**WHAT IS EXPECTED**
Among the entries below, take the line with "Schlagzeile - rotes Moped" and the line with "Orihuela Costa - Lomas de Cabo Roig", and output them and every line between them exactly, with nothing else.
(AVAILABLE DATA)
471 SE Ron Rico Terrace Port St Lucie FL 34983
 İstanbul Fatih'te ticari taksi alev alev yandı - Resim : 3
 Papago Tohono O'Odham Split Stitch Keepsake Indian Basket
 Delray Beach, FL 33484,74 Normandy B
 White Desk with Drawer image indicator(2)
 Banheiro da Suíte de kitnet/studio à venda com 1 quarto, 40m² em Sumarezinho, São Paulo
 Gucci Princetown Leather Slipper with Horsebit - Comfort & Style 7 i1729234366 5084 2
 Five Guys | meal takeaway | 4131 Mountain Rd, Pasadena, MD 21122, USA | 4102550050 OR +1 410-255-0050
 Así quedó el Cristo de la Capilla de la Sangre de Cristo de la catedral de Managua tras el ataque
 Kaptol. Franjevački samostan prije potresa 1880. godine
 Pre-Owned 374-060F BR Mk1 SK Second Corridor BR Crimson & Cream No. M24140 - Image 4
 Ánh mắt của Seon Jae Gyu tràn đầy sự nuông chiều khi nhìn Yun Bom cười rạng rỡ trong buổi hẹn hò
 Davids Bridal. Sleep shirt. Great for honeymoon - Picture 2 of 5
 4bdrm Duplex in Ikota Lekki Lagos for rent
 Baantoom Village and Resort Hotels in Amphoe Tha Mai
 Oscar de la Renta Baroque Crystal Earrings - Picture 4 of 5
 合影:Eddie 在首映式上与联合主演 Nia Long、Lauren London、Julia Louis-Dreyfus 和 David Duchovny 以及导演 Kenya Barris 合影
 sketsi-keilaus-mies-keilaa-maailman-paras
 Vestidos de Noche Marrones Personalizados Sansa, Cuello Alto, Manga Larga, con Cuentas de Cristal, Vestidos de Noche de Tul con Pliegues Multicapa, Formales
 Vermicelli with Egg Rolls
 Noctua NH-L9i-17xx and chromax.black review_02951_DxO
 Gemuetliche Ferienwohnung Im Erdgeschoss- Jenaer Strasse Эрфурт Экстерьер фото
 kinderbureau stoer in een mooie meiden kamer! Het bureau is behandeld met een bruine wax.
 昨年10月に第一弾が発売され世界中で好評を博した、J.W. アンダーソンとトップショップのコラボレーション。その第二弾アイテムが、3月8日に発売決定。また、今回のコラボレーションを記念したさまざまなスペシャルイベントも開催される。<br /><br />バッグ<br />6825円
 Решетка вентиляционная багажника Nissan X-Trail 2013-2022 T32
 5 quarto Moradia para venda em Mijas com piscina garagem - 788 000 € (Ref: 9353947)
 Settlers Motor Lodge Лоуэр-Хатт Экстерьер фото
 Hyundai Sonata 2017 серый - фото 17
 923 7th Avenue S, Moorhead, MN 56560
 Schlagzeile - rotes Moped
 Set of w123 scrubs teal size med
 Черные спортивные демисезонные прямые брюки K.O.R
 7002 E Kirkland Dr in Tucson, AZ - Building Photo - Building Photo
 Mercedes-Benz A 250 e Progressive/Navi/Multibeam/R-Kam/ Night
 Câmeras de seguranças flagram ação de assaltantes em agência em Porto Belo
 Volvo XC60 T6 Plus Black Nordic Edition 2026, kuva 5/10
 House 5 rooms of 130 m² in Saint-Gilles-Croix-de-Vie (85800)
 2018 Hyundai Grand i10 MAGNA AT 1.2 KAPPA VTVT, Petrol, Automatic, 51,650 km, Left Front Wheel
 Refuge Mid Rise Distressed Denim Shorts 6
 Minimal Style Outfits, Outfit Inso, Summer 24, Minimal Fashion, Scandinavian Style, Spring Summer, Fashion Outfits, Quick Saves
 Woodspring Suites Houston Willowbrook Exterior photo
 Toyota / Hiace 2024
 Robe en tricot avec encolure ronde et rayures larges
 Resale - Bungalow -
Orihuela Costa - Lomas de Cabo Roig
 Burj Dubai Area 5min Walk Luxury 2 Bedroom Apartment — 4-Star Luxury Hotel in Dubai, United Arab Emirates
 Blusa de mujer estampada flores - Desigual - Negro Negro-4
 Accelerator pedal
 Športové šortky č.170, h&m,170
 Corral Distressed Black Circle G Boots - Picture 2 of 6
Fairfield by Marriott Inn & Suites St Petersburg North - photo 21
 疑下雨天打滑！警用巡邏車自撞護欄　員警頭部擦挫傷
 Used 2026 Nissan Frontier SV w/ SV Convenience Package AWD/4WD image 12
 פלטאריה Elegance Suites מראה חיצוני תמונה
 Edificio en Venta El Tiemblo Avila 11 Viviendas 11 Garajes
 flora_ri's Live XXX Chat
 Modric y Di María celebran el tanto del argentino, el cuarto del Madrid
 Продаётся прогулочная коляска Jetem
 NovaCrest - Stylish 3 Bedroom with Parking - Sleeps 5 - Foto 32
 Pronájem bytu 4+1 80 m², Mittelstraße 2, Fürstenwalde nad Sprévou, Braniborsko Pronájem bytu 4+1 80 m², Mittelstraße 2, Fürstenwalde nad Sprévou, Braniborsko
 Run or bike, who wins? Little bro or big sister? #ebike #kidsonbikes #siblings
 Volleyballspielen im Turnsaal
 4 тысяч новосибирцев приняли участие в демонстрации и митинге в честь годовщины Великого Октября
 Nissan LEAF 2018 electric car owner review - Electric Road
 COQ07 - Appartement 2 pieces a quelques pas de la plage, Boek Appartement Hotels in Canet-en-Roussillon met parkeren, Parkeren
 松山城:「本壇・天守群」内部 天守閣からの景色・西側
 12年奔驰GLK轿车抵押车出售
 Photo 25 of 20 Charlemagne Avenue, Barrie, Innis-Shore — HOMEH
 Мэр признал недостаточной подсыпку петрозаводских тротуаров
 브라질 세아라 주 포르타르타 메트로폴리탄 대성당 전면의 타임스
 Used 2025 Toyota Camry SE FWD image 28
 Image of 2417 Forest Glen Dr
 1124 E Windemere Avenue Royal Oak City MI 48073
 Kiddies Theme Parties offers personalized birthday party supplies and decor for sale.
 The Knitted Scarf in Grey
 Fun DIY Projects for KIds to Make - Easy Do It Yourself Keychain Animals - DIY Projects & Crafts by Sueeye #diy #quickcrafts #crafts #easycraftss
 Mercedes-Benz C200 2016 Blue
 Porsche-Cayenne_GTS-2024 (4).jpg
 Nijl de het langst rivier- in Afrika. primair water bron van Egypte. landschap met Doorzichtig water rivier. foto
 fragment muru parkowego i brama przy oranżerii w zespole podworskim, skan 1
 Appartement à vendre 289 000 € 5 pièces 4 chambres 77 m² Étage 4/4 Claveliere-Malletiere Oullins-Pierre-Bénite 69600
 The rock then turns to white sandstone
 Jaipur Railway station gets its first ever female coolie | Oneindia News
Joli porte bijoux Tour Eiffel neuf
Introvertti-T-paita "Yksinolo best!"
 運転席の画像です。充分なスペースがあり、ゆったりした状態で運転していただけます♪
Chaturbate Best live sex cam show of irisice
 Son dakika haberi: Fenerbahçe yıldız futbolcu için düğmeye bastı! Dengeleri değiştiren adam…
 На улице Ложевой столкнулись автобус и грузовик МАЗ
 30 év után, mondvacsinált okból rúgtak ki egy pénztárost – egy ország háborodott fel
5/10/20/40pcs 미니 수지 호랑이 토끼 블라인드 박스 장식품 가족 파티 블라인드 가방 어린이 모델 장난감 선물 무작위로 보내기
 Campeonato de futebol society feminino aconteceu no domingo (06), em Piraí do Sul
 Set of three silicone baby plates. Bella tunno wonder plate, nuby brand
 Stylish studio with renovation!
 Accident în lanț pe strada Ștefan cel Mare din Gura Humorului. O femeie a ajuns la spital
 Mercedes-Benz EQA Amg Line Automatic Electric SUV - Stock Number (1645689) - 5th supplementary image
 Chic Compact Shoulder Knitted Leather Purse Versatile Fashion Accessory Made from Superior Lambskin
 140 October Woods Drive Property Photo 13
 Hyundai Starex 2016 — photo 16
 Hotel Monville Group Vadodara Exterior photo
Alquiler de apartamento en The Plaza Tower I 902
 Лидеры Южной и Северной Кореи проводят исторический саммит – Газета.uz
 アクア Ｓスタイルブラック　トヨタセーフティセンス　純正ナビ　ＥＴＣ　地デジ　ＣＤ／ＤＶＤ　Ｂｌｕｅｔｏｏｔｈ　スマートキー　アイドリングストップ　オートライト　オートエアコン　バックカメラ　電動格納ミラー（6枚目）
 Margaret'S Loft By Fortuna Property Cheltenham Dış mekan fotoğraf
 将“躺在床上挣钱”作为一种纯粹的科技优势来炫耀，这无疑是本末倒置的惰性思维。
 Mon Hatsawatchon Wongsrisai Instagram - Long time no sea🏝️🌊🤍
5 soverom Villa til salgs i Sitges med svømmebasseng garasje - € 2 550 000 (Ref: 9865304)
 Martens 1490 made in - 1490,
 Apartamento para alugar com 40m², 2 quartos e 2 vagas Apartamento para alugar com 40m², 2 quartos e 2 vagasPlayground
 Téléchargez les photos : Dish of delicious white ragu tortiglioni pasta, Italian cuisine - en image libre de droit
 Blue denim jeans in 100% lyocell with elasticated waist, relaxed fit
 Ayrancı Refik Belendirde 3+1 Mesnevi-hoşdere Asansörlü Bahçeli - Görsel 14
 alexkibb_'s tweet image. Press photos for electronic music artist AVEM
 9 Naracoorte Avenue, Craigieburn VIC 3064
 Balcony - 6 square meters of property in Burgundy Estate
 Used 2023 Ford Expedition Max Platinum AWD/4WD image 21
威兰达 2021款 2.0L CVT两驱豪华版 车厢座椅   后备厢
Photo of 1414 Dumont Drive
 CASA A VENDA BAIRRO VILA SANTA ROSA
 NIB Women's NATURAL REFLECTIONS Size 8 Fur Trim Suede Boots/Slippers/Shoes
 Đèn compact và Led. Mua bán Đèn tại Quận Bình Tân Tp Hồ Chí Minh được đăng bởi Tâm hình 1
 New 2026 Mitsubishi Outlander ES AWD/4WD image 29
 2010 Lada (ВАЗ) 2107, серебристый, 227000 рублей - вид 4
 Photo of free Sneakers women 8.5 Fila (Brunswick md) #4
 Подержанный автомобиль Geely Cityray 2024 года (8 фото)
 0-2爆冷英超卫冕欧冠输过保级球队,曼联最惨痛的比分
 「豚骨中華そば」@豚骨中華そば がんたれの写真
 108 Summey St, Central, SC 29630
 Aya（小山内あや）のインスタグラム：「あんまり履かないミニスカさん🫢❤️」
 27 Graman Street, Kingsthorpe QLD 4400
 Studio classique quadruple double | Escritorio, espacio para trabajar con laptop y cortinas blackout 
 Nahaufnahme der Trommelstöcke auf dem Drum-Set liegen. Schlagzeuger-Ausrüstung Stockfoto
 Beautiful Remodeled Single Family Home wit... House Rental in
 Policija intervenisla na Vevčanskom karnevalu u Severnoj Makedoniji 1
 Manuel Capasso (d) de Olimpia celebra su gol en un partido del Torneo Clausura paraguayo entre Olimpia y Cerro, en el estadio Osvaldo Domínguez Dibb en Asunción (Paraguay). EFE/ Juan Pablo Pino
(End AVAILABLE DATA)
**COMPLETED TASK**
 Schlagzeile - rotes Moped
 Set of w123 scrubs teal size med
 Черные спортивные демисезонные прямые брюки K.O.R
 7002 E Kirkland Dr in Tucson, AZ - Building Photo - Building Photo
 Mercedes-Benz A 250 e Progressive/Navi/Multibeam/R-Kam/ Night
 Câmeras de seguranças flagram ação de assaltantes em agência em Porto Belo
 Volvo XC60 T6 Plus Black Nordic Edition 2026, kuva 5/10
 House 5 rooms of 130 m² in Saint-Gilles-Croix-de-Vie (85800)
 2018 Hyundai Grand i10 MAGNA AT 1.2 KAPPA VTVT, Petrol, Automatic, 51,650 km, Left Front Wheel
 Refuge Mid Rise Distressed Denim Shorts 6
 Minimal Style Outfits, Outfit Inso, Summer 24, Minimal Fashion, Scandinavian Style, Spring Summer, Fashion Outfits, Quick Saves
 Woodspring Suites Houston Willowbrook Exterior photo
 Toyota / Hiace 2024
 Robe en tricot avec encolure ronde et rayures larges
 Resale - Bungalow -
Orihuela Costa - Lomas de Cabo Roig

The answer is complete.